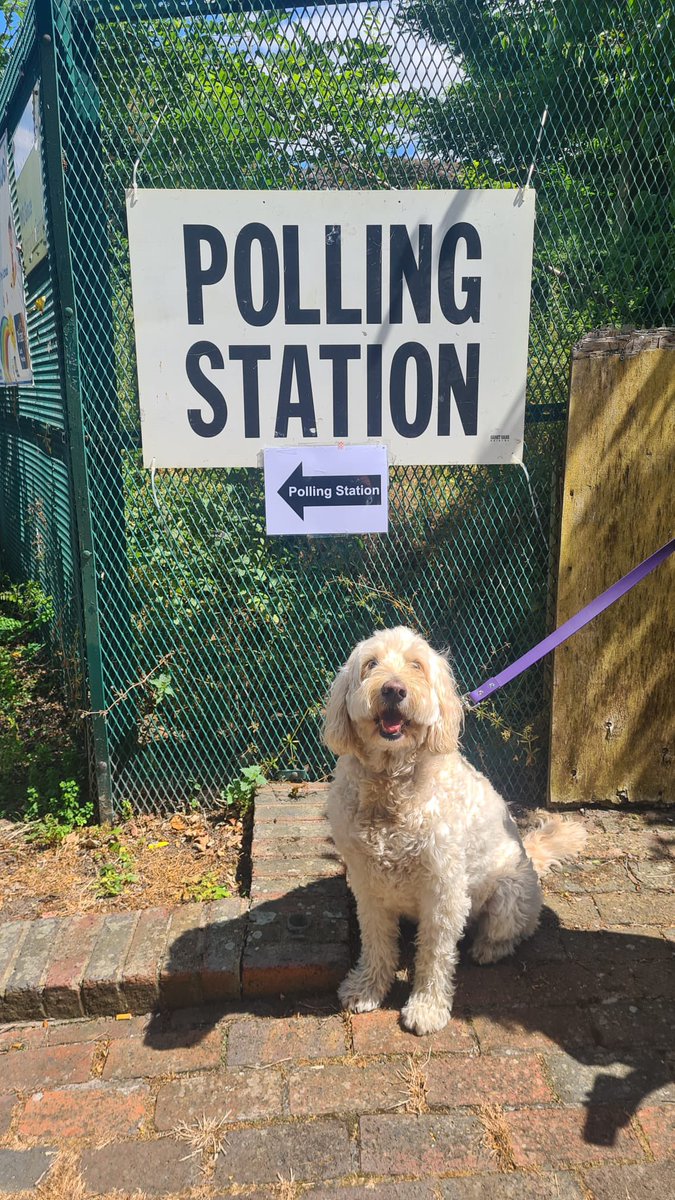 Of course she’s there, freshly voted #dogsatpollingstations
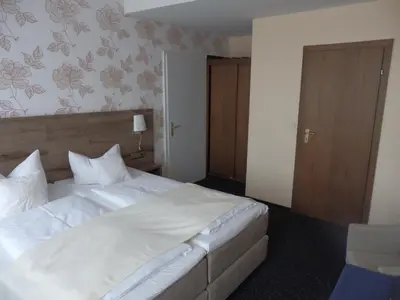 Ein Bett oder Betten in einem Zimmer der Unterkunft Hotel Rheinischer Hof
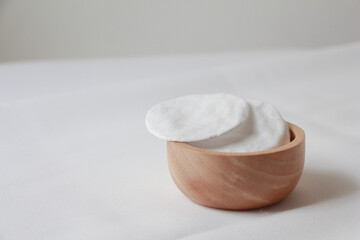 cotton pad in wood on white background. © jajam_e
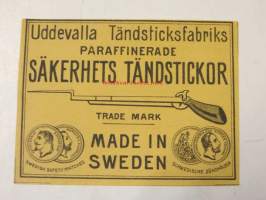 Uddevalla Tändsticksfabricks paraffinerade Säkerhets Tändstickor-tulitikkuetiketti (Ruotsissa valmistettu)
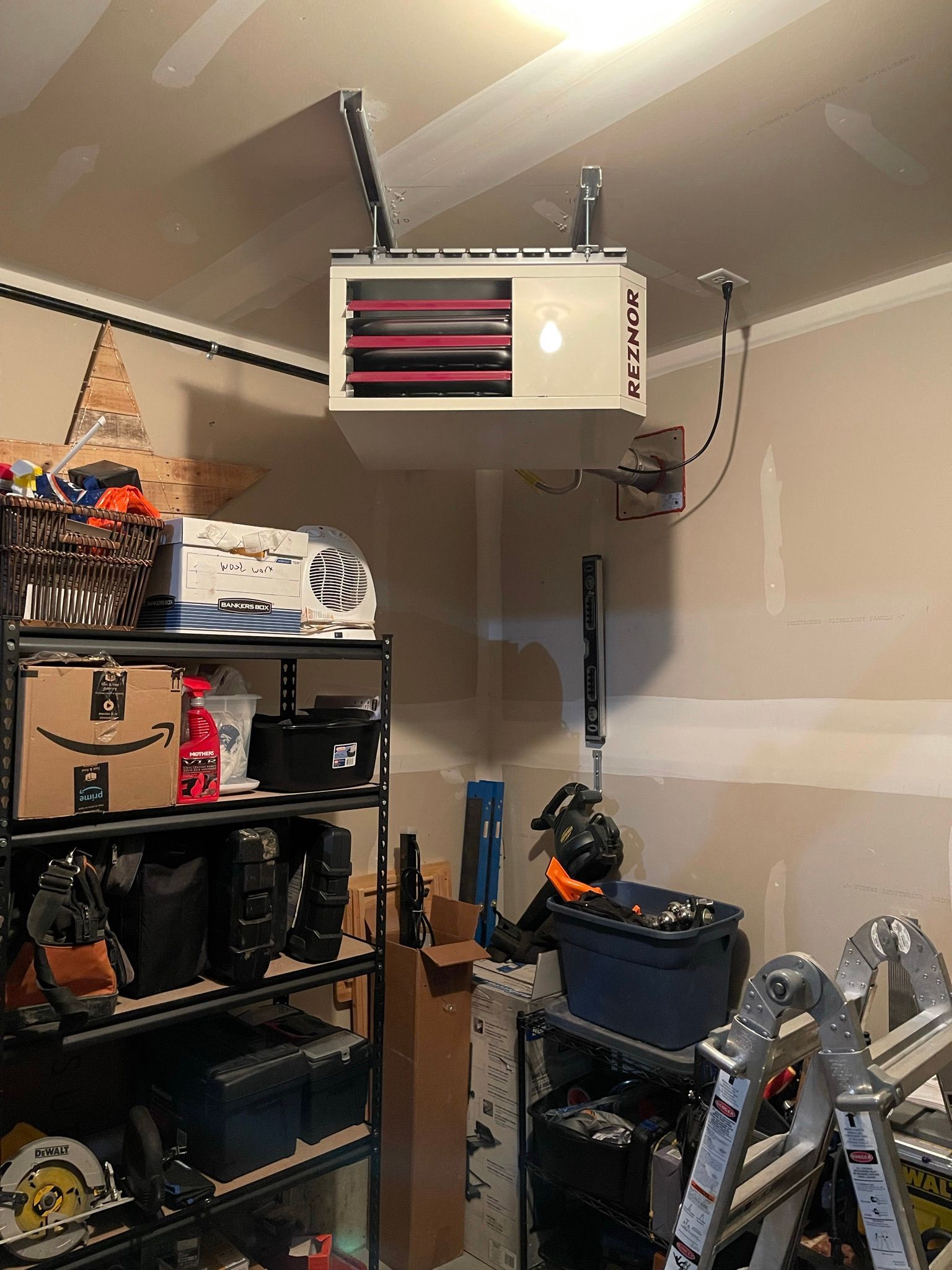 A garage with a heater hanging from the ceiling and a ladder.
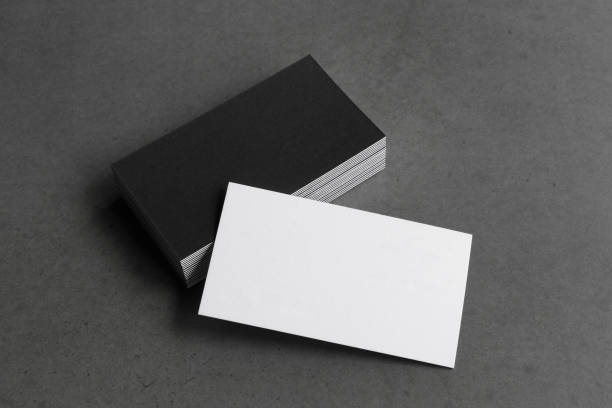 istock Business card on black background. 1305695337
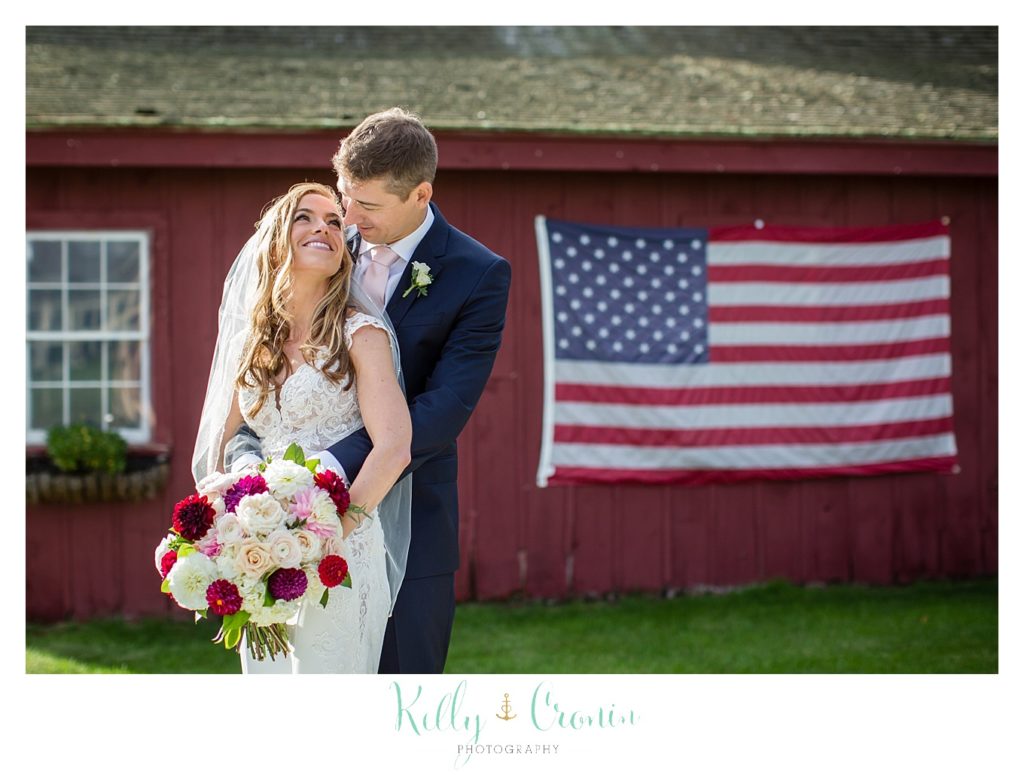 A bride and groom stand in front of an American flag. 
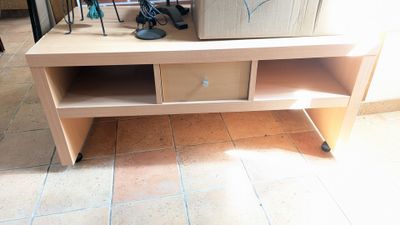 un meuble TV sur lequel sont posées plein de chaussures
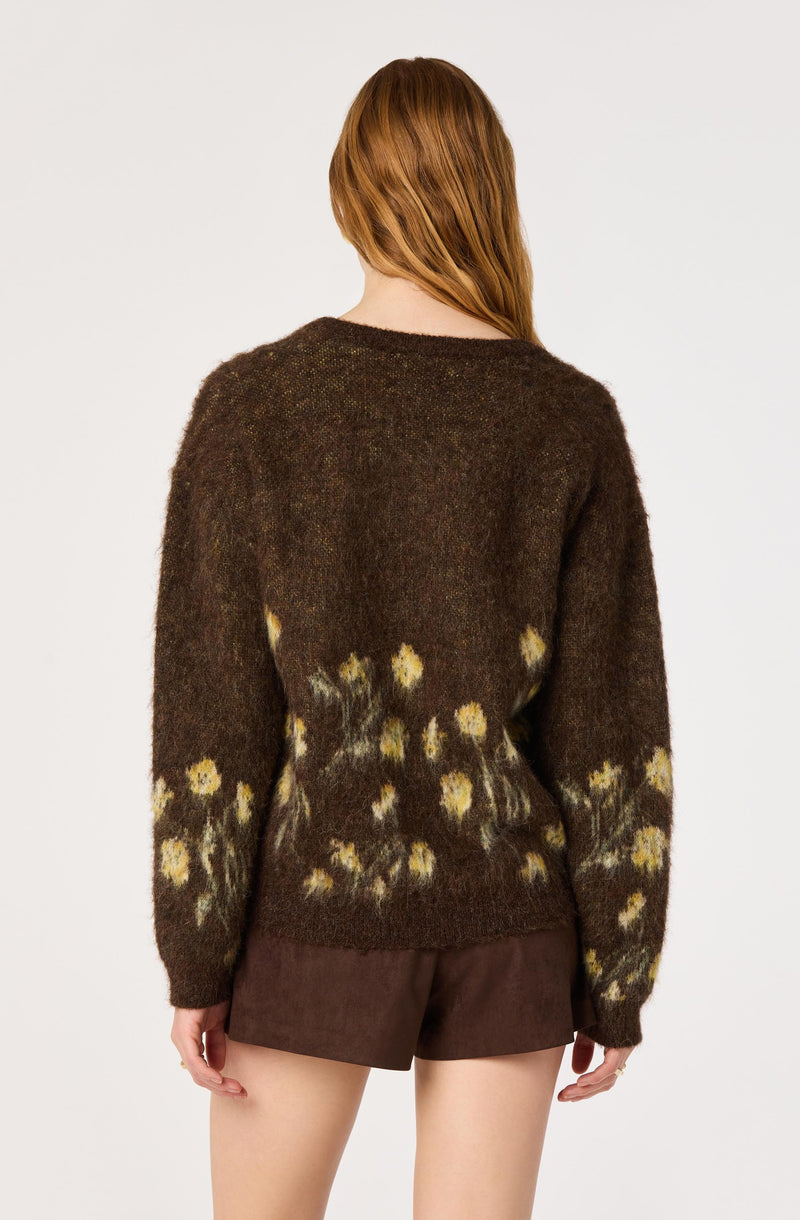 Back view of a woman wearing a brown fuzzy sweater with yellow floral patterns and brown shorts.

**What you have to do:**
A word-for-word copy of the listing is needed. It must not include the pictures.

**Solution for this exercise:**
 Of course she’s there, freshly voted #dogsatpollingstations
 Ein Bett oder Betten in einem Zimmer der Unterkunft Hotel Rheinischer Hof
 cotton pad in wood on white background. © jajam_e
 Uddevalla Tändsticksfabricks paraffinerade Säkerhets Tändstickor-tulitikkuetiketti (Ruotsissa valmistettu)
 A garage with a heater hanging from the ceiling and a ladder.
 istock Business card on black background. 1305695337
 A bride and groom stand in front of an American flag. 
 un meuble TV sur lequel sont posées plein de chaussures
 Back view of a woman wearing a brown fuzzy sweater with yellow floral patterns and brown shorts.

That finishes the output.